Je pense écrire (parfois) des textes qu’on peut nommer « poèmes » (et bien oui, tiens donc !) et j’ai envers cette production de textes une certaine exigence qui n’a rien de calculé. Parfois le texte qui émerge est un poème et parfois pas. Le texte qui émerge est quelque chose (un poème) ou n’est rien (rien du tout, delete, poubelle). À moi de décider, si c’est « quelque chose » ou pas. Généralement, si c’est bon, c’est un poème. Si c’est mauvais, ce n’est rien. Bon ou mauvais, subjectif ! Attention ! Interdit ! Le matériel que j’utilise pour écrire mes poèmes sont des notes, des résidus de poèmes, les poèmes des autres, quelques mots, que je retravaille, et moule pendant plusieurs mois. Je tâtonne dans le noir, je ne sais pas vraiment ce que je fais. Souvent, je ne remarque même pas que j’écris.

 

Ces trois résidences, radicalement différentes les unes des autres, nous aurons permis d’observer trois façons de travailler, avec parfois des points de rencontres entre les poètes-résidents.
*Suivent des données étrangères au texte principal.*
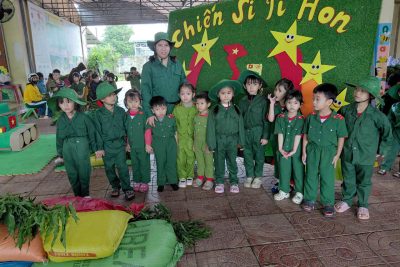 Hoạt động trải nghiệm “Chiến sĩ tí hon” của lớp lá 2.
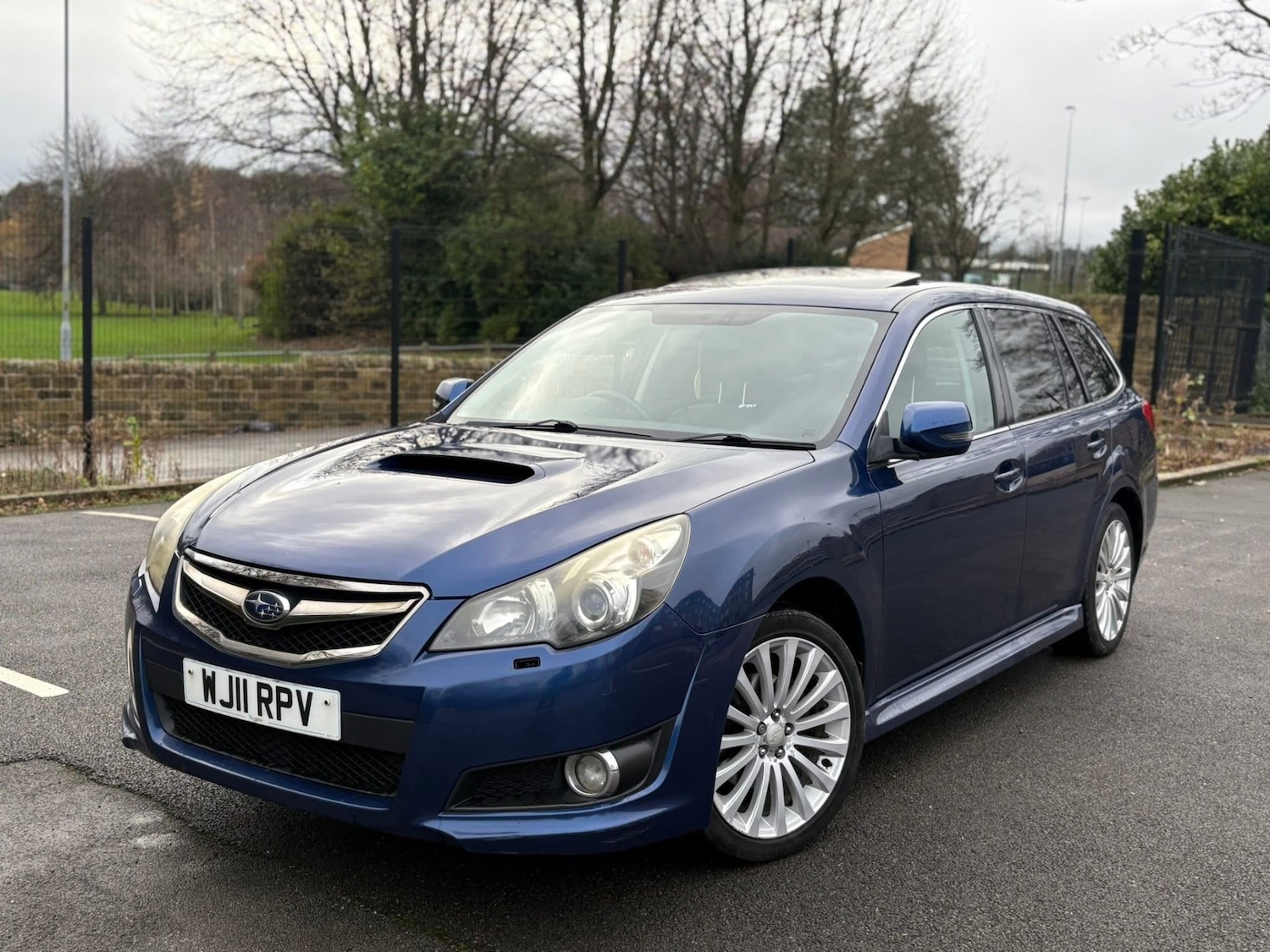 Used Subaru Legacy 2011 for sale - 76748059: Photo 1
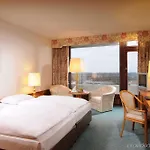 Maritim Strandhotel Travemuende 4*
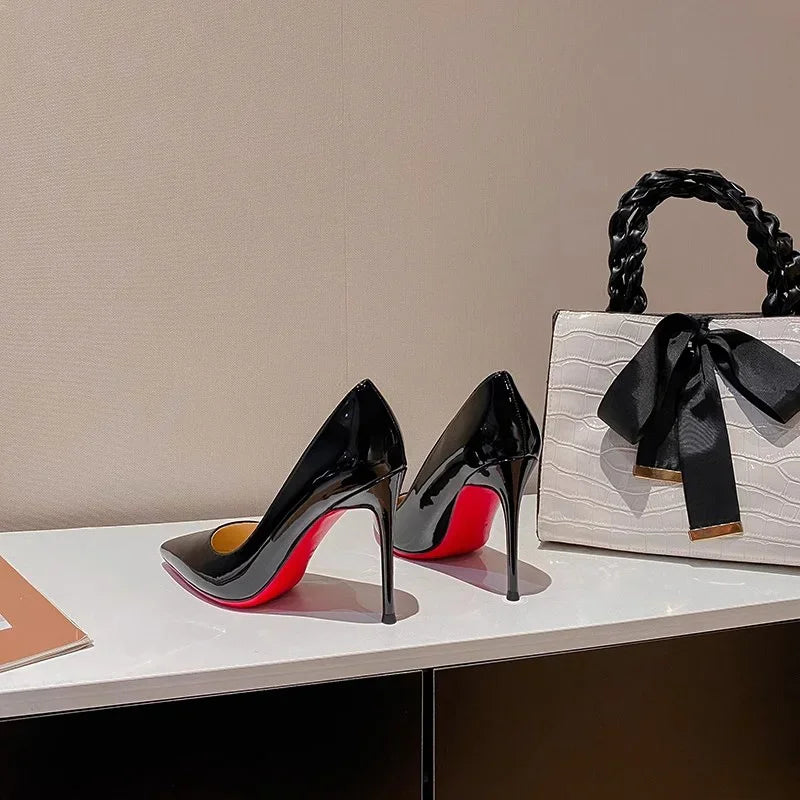 Sapatos de salto alto bico fino coleção 2025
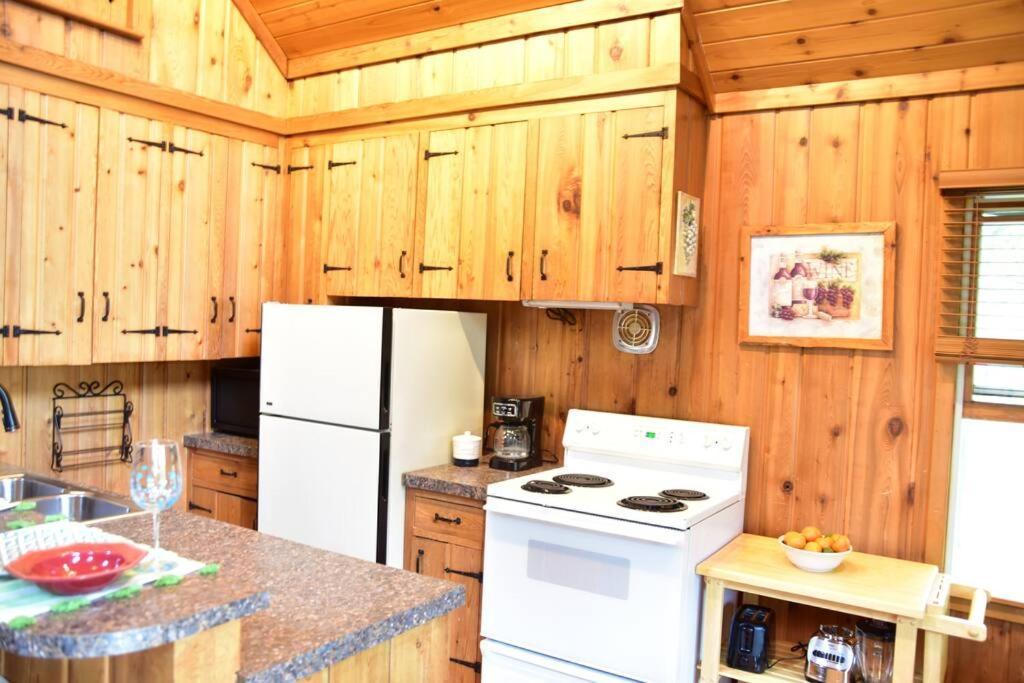 Quiet And Comfy 3Bed/2Bath - Chalet With Hot Tub. Cedar Exterior foto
Dans les trois cas pourtant, on remarque un écart – mais toujours productif – entre le temps long et lent, le temps de la décantation de la poésie et le temps court, rapide, celui de la publication de la résidence virtuelle.

Nous remercions très chaleureusement les trois poètes de s’être prêtés à cet exercice difficile.